Workers got the project rolling Tuesday when they set in the ground a thick, 55-foot concrete pole in Miami Beach. Its base, protected by a steel tube, went down 14 feet deep.
FPL engineers designed the system to withstand wind gusts of up to 150 mph, said Ron Flores, who is supervising the project to strengthen the main feeder line to the Mount Sinai Medical Center and Miami Heart Institute area. The concrete poles are replacing 54 much thinner, shorter wooden one, which go 7 feet deep.

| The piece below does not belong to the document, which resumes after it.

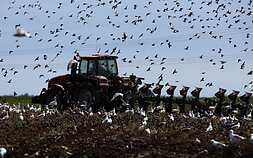 Беларусь. Сельское хозяйство (Ассоциативное фото)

The Miami Beach work is one of four projects that form the start of FPL's Storm Secure Plan, announced in January. Officials say it will toughen the grid so that it can withstand extreme-wind standards, which means up to 150 mph in parts of Miami-Dade County and up to 140 mph in parts of Broward County.
The other projects selected for initial hardening are: Port Everglades in Fort Lauderdale, the entry point for much of South Florida's gasoline; Jackson Memorial Hospital in Miami and the port of Palm Beach and St. Mary's Medical Center in West Palm Beach.
The unit of FPL Group Inc. has yet to put a price tag on the plan, which will also include putting more lines underground, more pole inspections and increased tree cutting. The utility has said it won't seek higher rates to pay for the plan until 2009.
The plan helped calm frustration in the Legislature, which faced angry voters who lost power for weeks after Hurricanes Katrina and Wilma. Lawmakers then proposed a wide range of bills, including requirements for the utility to harden its system and to put lines underground. After FPL came up with its plan, those proposals faded.